Can you not talk to people like that? Even if you think that is an OK
way to treat anyone - which it isn't, certainly not on dri-devel@ with
the fd.o Code of Conduct, and not according to the kernel's either - I
have absolutely no idea how you can look at the work the AMD people
have put in over many years and conclude that they're 'lazy'.

If this makes you so angry, step back from the keyboard for a few
minutes, and if you still can't participate in reasonable discussion
like an adult, maybe step out of the thread entirely.
Jason Gunthorpe Jan. 16, 2019, 5:24 p.m. UTC | #24
On Wed, Jan 16, 2019 at 05:11:34PM +0100, hch@lst.de wrote:
> On Tue, Jan 15, 2019 at 02:25:01PM -0700, Jason Gunthorpe wrote:
> > RDMA needs something similar as well, in this case drivers take a
> > struct page * from get_user_pages() and need to have the DMA map fail
> > if the platform can't DMA map in a way that does not require any
> > additional DMA API calls to ensure coherence. (think Userspace RDMA
> > MR's)
> 
> Any time you dma map pages you need to do further DMA API calls to
> ensure coherent, that is the way it is implemented.  These calls
> just happen to be no-ops sometimes.
> 
> > Today we just do the normal DMA map and when it randomly doesn't work
> > and corrupts data tell those people their platforms don't support RDMA
> > - it would be nice to have a safer API base solution..
> 
> Now that all these drivers are consolidated in rdma-core you can fix
> the code to actually do the right thing.  It isn't that userspace DMA
> coherent is any harder than in-kernel DMA coherenence.  It just is
> that no one bothered to do it properly.

If I recall we actually can't.. libverbs presents an API to the user
that does not consider this possibility. 

ie consider post_recv - the driver has no idea what user buffers
received data and can't possibly flush them transparently. The user
would have to call some special DMA syncing API, which we don't have.
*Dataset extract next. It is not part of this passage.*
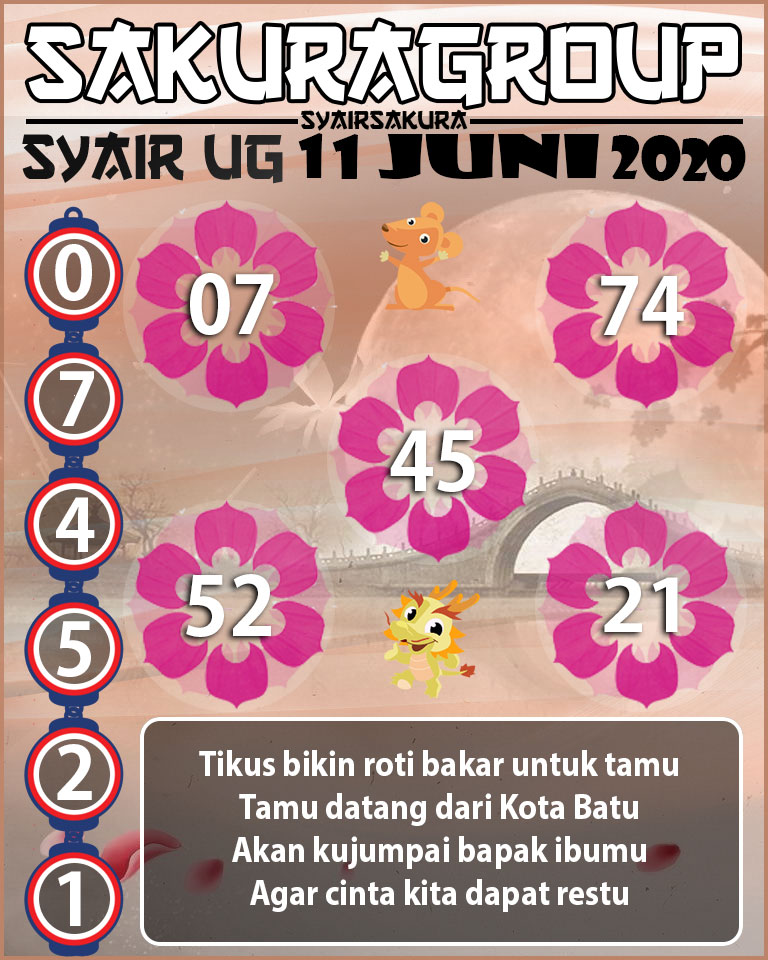 SYAIR TOGEL UGANDA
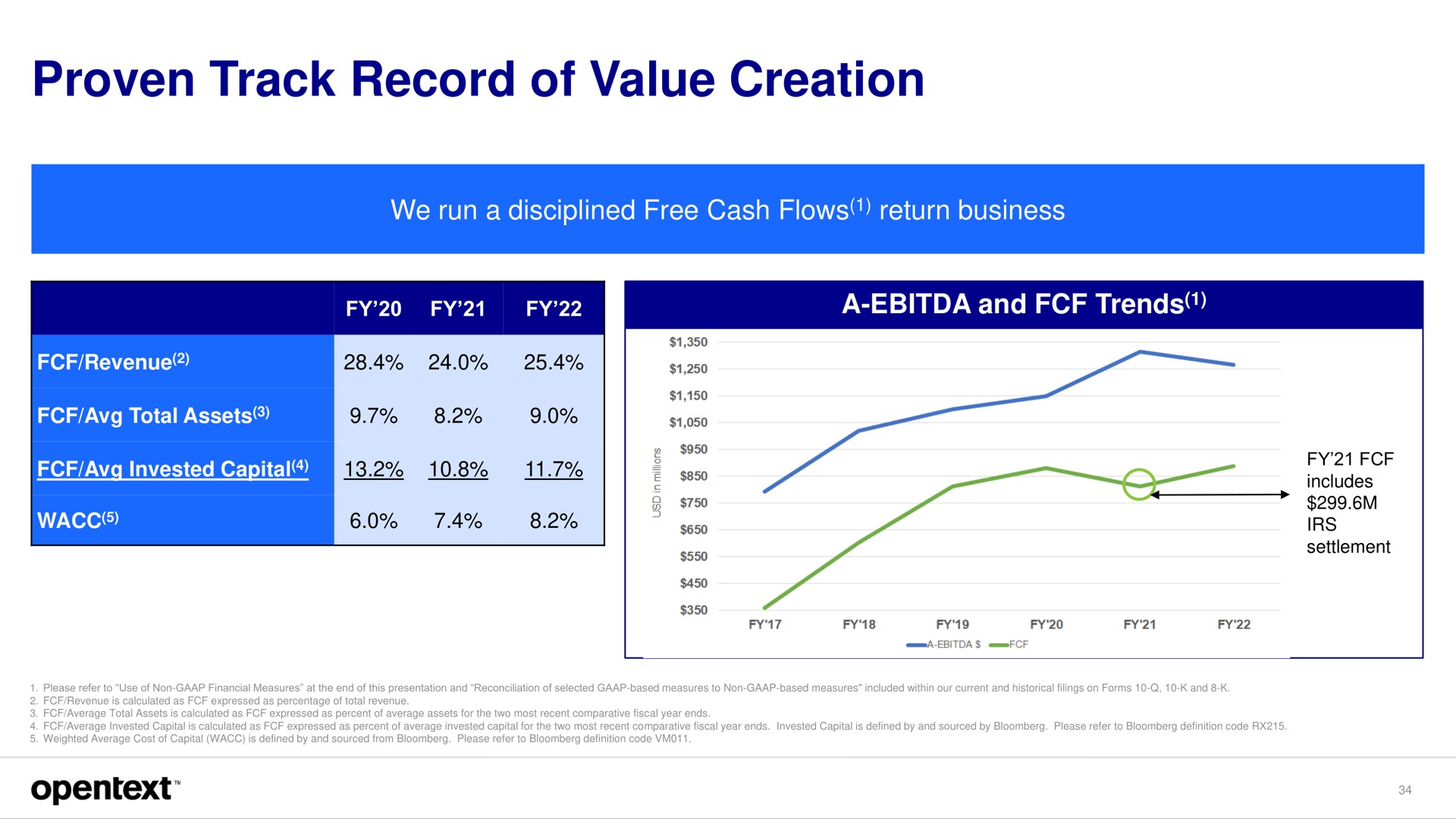 proven track record of value creation | OpenText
It is the same reason the kernel API makes the ULP handle dma sync,
not the driver.

The fact is there is 0 industry interest in using RDMA on platforms
that can't do HW DMA cache coherency - the kernel syscalls required to
do the cache flushing on the IO path would just destroy performance to
the point of making RDMA pointless. Better to use netdev on those
platforms.

VFIO is in a similar boat. Their user API can't handle cache syncing
either, so they would use the same API too.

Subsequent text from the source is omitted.